Unit 2 · Bakery · 6.NS.A.1

Order Architect: Dividing Fractions

What to do: You run the bakery. For each order, divide the fractions to find how many servings you can make. Use the tools, type your answers, then press Check My Work.

Orders done: 0 of 6

Learning Target

I can explain what dividing a fraction by a fraction means using equal groups.
I can find the reciprocal (flip) of any fraction or whole number.
I can use keep–change–flip to divide any fraction by a fraction or whole number.
I can solve real-world problems that require dividing fractions and explain what the answer means.

Standard CCSS 6.NS.A.1

Estimated time 45–55 minutes

Materials Pencil, scratch paper, this page

Product Completed activity saved as PDF or DOC

Teacher Notes (click to expand — not for student assessment)

Pacing

One 45–55 minute period.
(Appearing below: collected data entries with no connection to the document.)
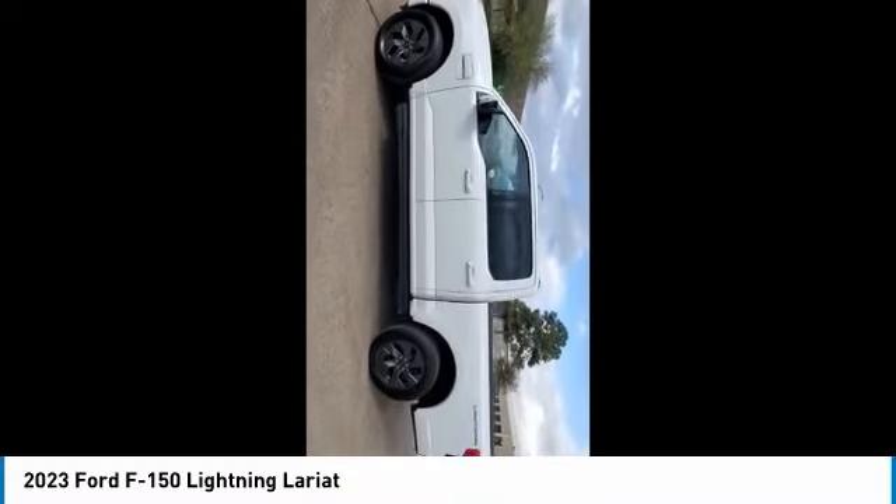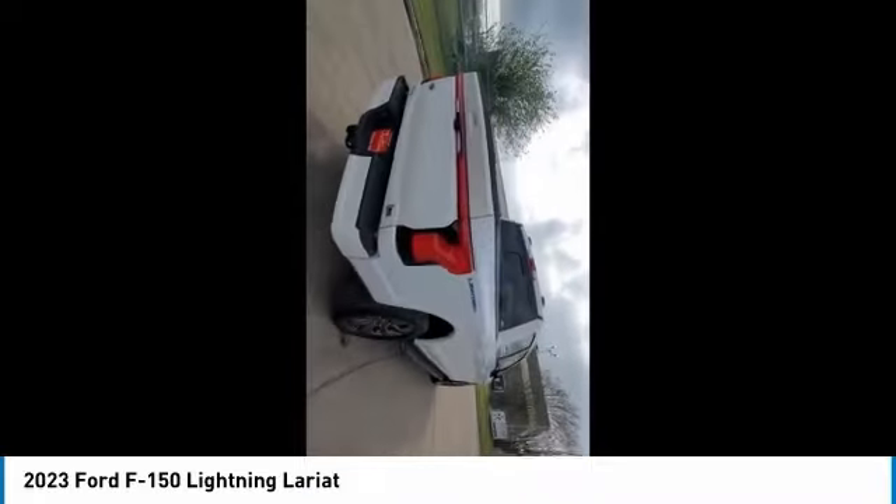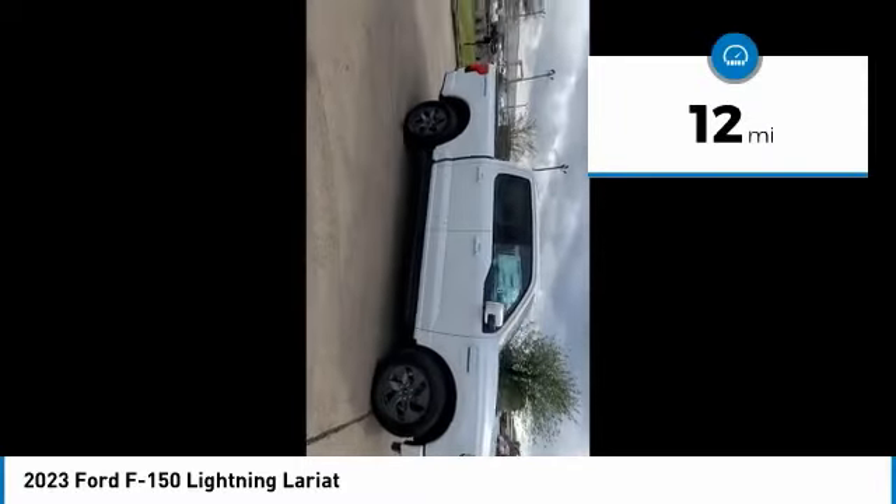Don't miss this great vehicle. It's equipped with great features. You want to take this vehicle home? Make a great choice today. Visit the dealership today and see this vehicle firsthand. This vehicle has less than 100 miles.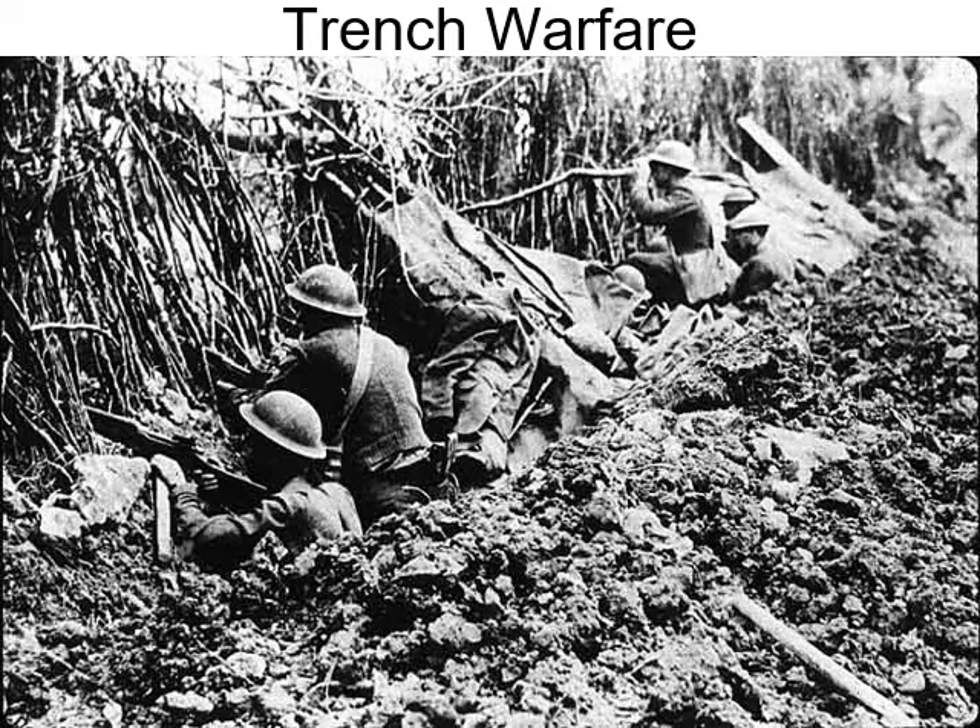Whenever an enemy attack would happen, they would usually start with artillery fire. The British would fire off artillery for like two weeks straight — nonstop, around the clock — just firing artillery at German positions. For two weeks those soldiers had to go underground and stay in their bunkers. Sometimes a direct hit would cause a bunker to collapse and cave in, and men would be buried alive. This really was very tough conditions — trench warfare.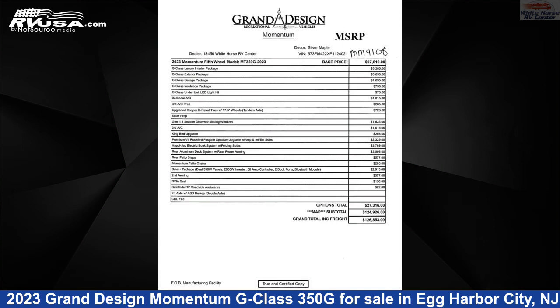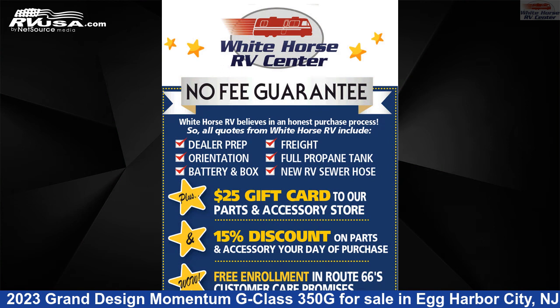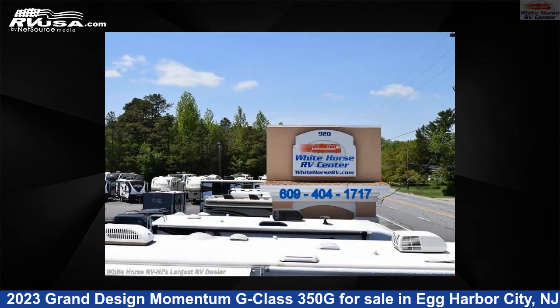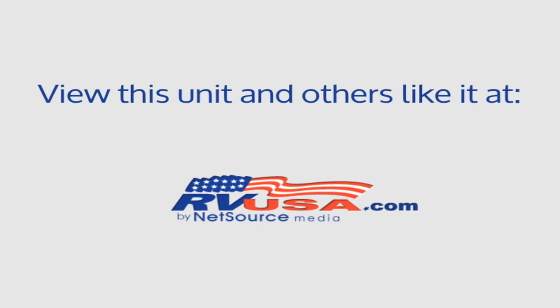This new Grand Design is 39 feet 10 inches in length and features three slide-outs, sleeps 7, air conditioning, leveling jacks, water heater, external shower, smoke detector, awning, slide-out, oven, auxiliary battery, TV, and 115-gallon freshwater capacity.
Suggested flow: activate prior knowledge — "what does division mean?" (3 min) → Orders 1–2 together as a class, modeling keep–change–flip on the board (15 min) → Orders 3–5 independently or in pairs (15 min) → Order 6 (reasoning backwards) as a class challenge (7 min) → Check My Work, discuss, save deliverable (10 min). Two-day option: Day 1 = Orders 1–4 with visual bar and KCF; Day 2 = Orders 5–6, reflection, and save.

Grouping Suggestions

Order 1 (visual bar) and Order 4 (drag-and-drop match) work especially well as pair activities. Orders 2, 3, and 5 are best done individually to check each student's procedural fluency. Order 6 (working backwards) can spark good small-group discussion: "What do we need to divide 1/2 by to get 4?"

Differentiation

Support: Provide fraction strips or a printed number line. Encourage students to draw a picture of each division problem before computing. For Order 6, prompt: "If 1/2 ÷ x = 4, then x = 1/2 ÷ 4. Can you compute that?" Allow mixed-number answers expressed as improper fractions (accept equivalents).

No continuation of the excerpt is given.